> [What is being asked]: Every line below needs to be printed again exactly, without any of its pictures.

Pictures with short captions

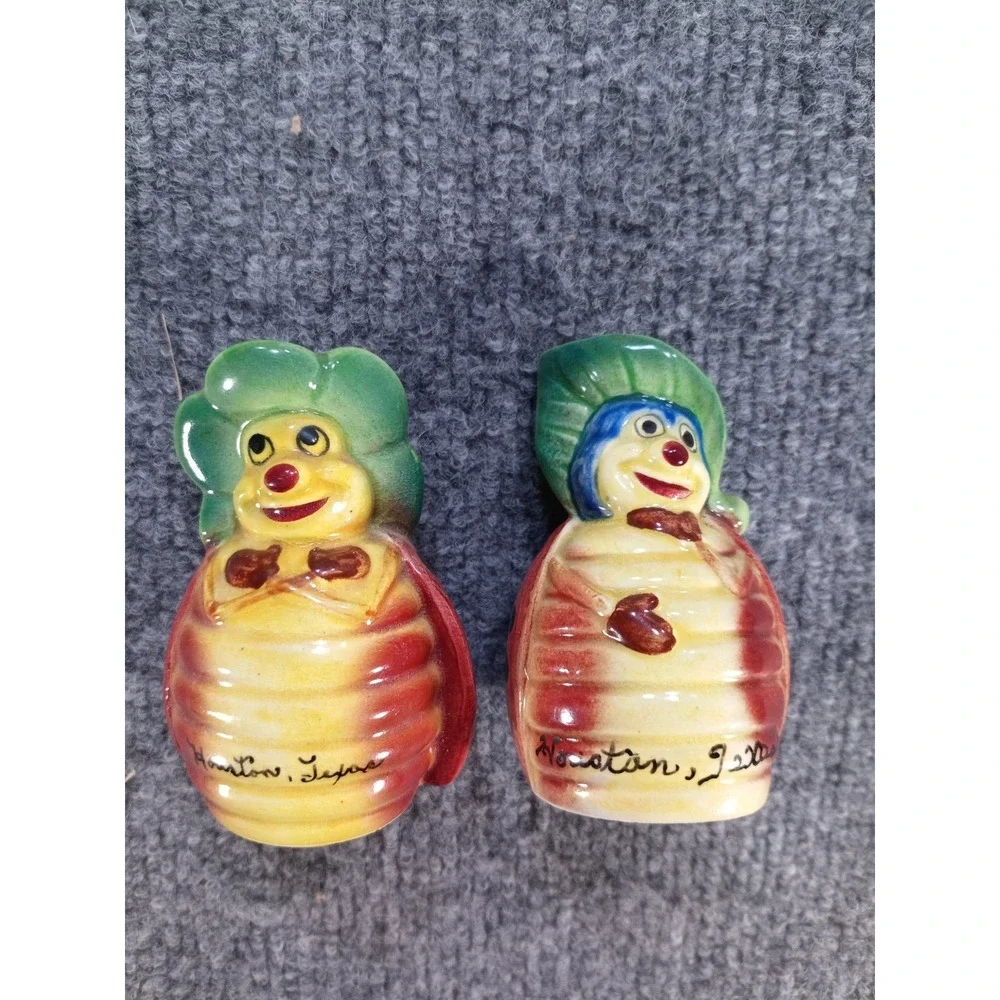Vintage Japan Lady Bug Salt Pepper Shakers Anthropomorphic Bugs Ceramic MCM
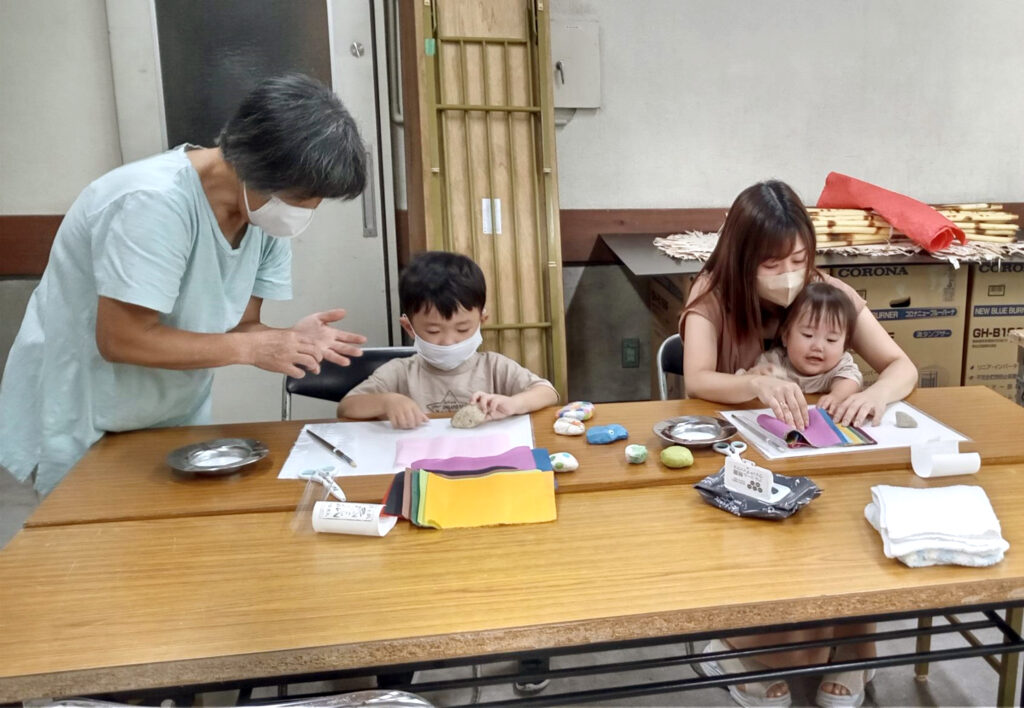 家族で夏休みを楽しみながら自由研究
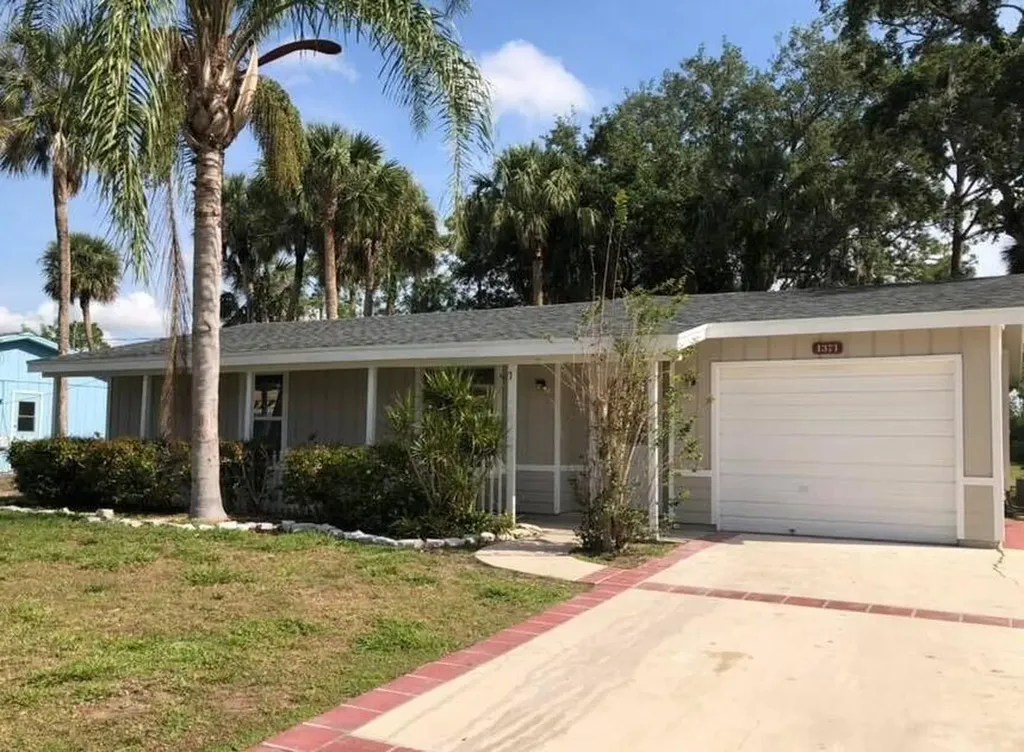 1371 SW Babcock Avenue Port St Lucie FL 34953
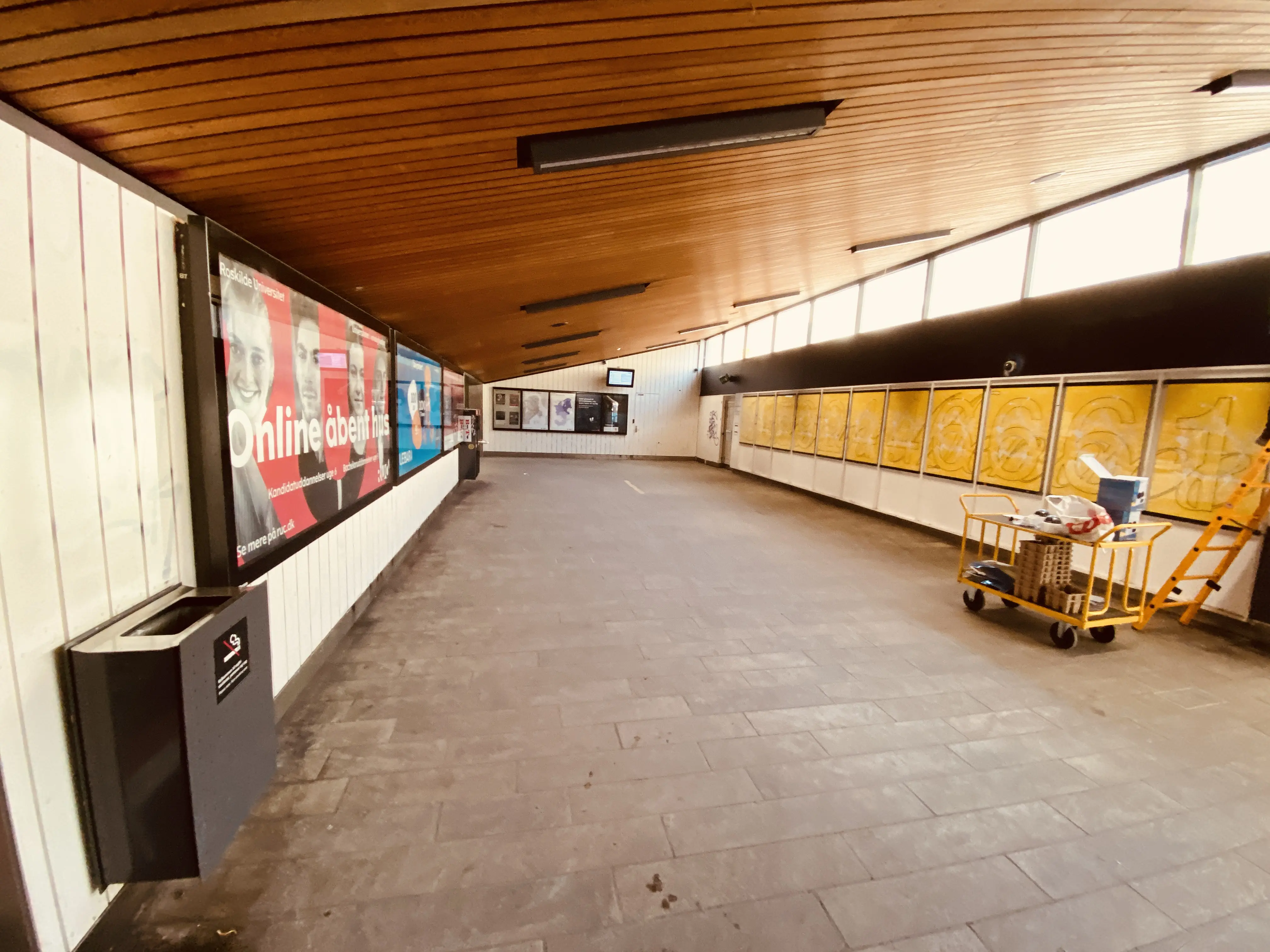 Billede af Sydhavn S-togstrinbræt. Billede af Sydhavn S-togstrinbræt.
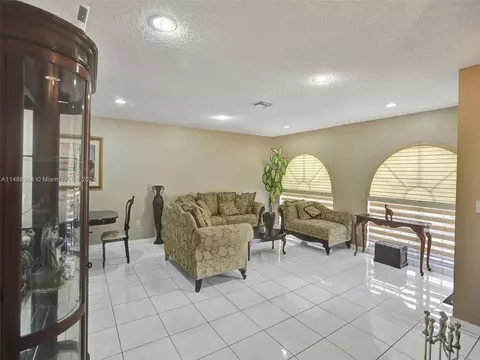 350 W 55th St, Hialeah, FL 33012 photo 7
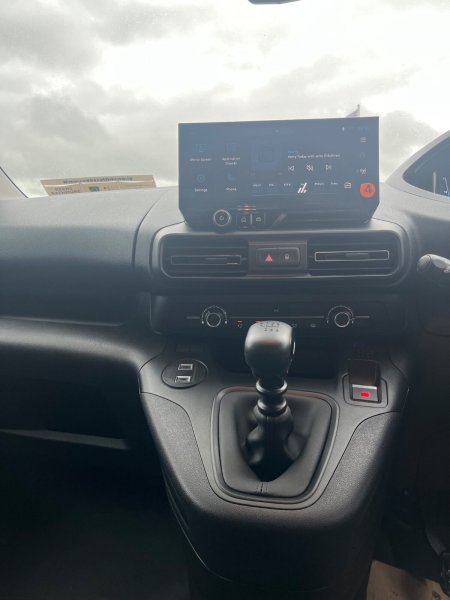 2026 Peugeot Partner - photo 10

> [Worked solution]:
Vintage Japan Lady Bug Salt Pepper Shakers Anthropomorphic Bugs Ceramic MCM
 家族で夏休みを楽しみながら自由研究
 1371 SW Babcock Avenue Port St Lucie FL 34953
 Billede af Sydhavn S-togstrinbræt. Billede af Sydhavn S-togstrinbræt.
 350 W 55th St, Hialeah, FL 33012 photo 7
 2026 Peugeot Partner - photo 10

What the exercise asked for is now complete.